/ / Afmetingen van planeten en andere objecten van het zonnestelsel

Afmetingen van planeten en andere objecten van het zonnestelsel

Around the Sun, de acht grootste hemellichamen - planeten. Naast de aarde in het zonnestelsel zijn er planeten zoals Mercurius - het dichtst bij het hemellicht, Venus - de tweede planeet van de zon, Mars, Saturnus, Jupiter, Neptunus, Uranus. Dit is de volgorde van de planeten. Eerder werd Pluto ook naar de planeten verwezen, maar sinds 2006 is dit ruimtevoorwerp zijn status kwijtgeraakt en vandaag is het geklasseerd als planetoïden, kleine planeten. Bijna alle ruimtevoorwerpen kunnen met het blote oog in het uitspansel worden gezien, alleen Uranus en Neptunus kunnen in een telescoop worden bekeken.

Afmetingen van de planeten en de zon

Mensen zijn al sinds de oudheid over de planeten bekend. De dichtstbijzijnde buren van de aarde zijn Mars en Venus, met een straal van 6052 kilometer, de verste zijn Uranus en Neptunus.
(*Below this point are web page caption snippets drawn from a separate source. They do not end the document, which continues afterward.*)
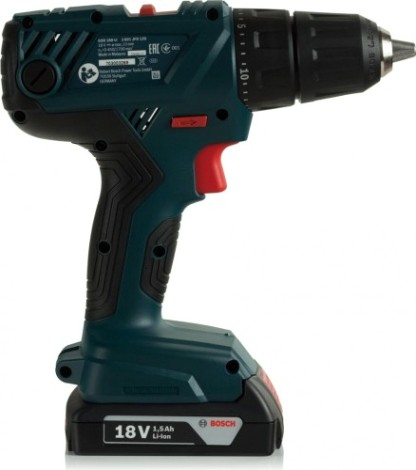 Аккумуляторная дрель-шуруповерт BOSCH GSR 180-LI [06019F8120] 2х1,5 Ач
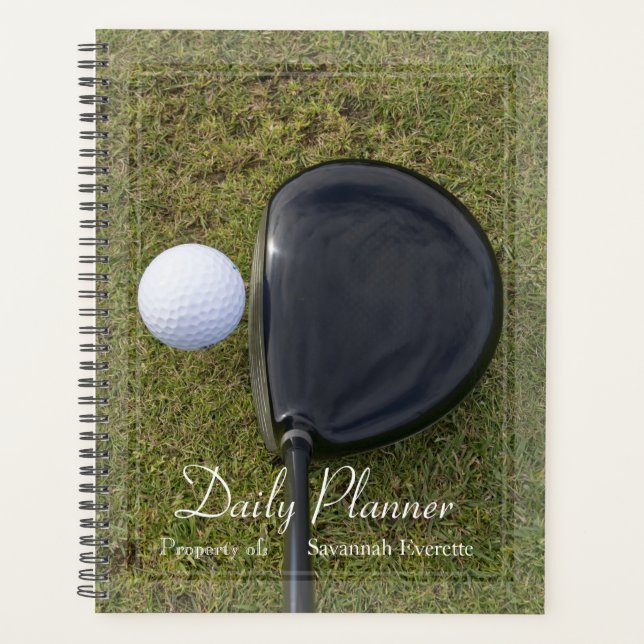 HAMbWG - Foto Daily Planner - Golf Club & Ball Planer (Vorderseite)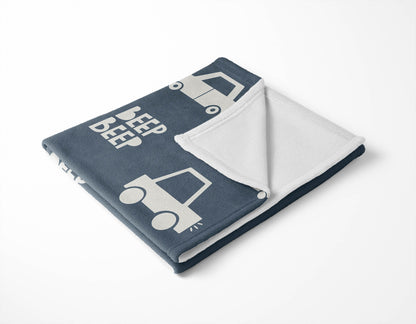 Beep Velveteen Fleece Blanket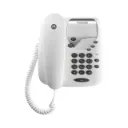 Motorola Corded Telephone, 3 Direct Dial Keys - White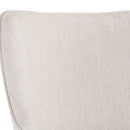 Sunpan Franklin Office Chair - Beige Linen / Vintage Black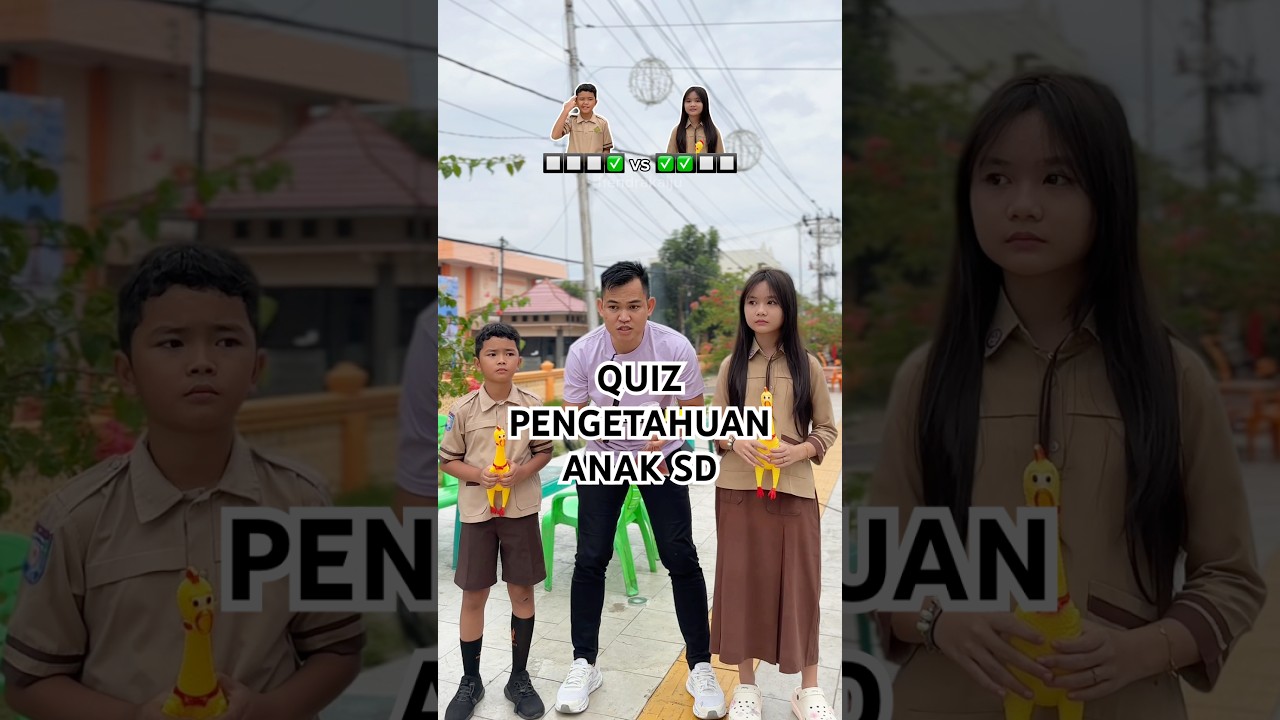 Gunung Rinjaniiii Ga espeekk loh ya 😹 #quiz #pengetahuan #games #lucu #sd #sekolah #komedi #trend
Alle hemellichamen van het zonnestelsel zijn in tweeën verdeeldcategorie. De eerste omvatten de objecten van de aardse groep, of de zogenaamde binnenste planeten het dichtst bij de Zon - Aarde, Mars, Mercurius en Venus. Al deze hemellichamen hebben een stevig oppervlak, ze hebben een hoge dichtheid, ondanks de interne vloeibare kern. De grootste in deze groep is de aarde.
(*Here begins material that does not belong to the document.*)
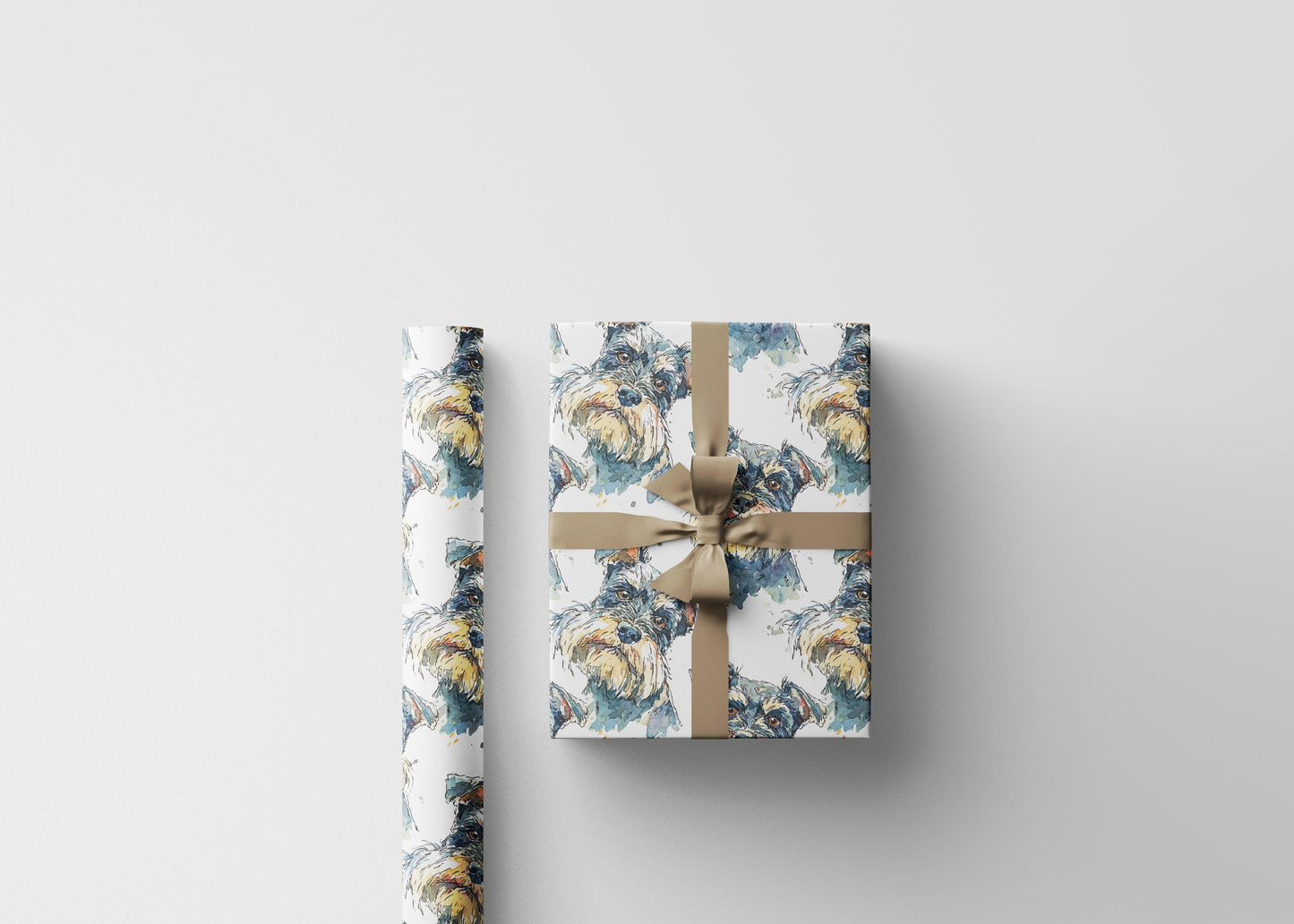 Dog Lover Gift Wrap Roll with Schnauzer Design, Wrapping Paper for Pet Lovers, Holidays, and Dog Birthdays #19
De tweede categorie omvat alle anderenobjecten, 'reuzenplaneten' genoemd. Ze bevinden zich het verst van de zon en de afmetingen van de planeten van deze groep zijn veel groter dan die van de aarde. Ze worden ook buitenste planeten genoemd. Het gewicht van Jupiter is bijvoorbeeld driehonderd keer groter dan het gewicht van de aarde. Bovendien verschillen de reuzenplaneten in hun structuur van de objecten van de aardse groep: ze bestaan ​​in principe uit gassen (waterstof en helium) en ze lijken op andere sterren. Ze worden ook "gasreuzen" genoemd.
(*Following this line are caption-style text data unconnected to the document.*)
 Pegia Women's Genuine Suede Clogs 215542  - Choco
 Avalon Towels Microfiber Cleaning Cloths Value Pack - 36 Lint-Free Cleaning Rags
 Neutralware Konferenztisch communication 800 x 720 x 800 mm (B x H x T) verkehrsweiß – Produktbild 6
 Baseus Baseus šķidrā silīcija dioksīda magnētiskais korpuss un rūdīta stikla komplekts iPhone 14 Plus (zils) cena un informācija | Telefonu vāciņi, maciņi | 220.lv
De afmetingen van de planeten zijn van invloed op hun rotatiesnelheid rond hun eigen as, de duur van de dag en de nacht.

Naast de beschreven hemellichamen in onzeHet systeem bevat satellieten van de planeten. In totaal draaien 54 satellieten rond de planeten. De maan is de metgezel van de aarde, Mars en Neptunus hebben elk twee satellieten. Saturnus heeft het grootste aantal satellieten - zeventien, en sommige zijn groter dan de maan. Veel satellieten zijn in de buurt van Uranus en Jupiter, en alleen Mercurius en Venus bleven alleen.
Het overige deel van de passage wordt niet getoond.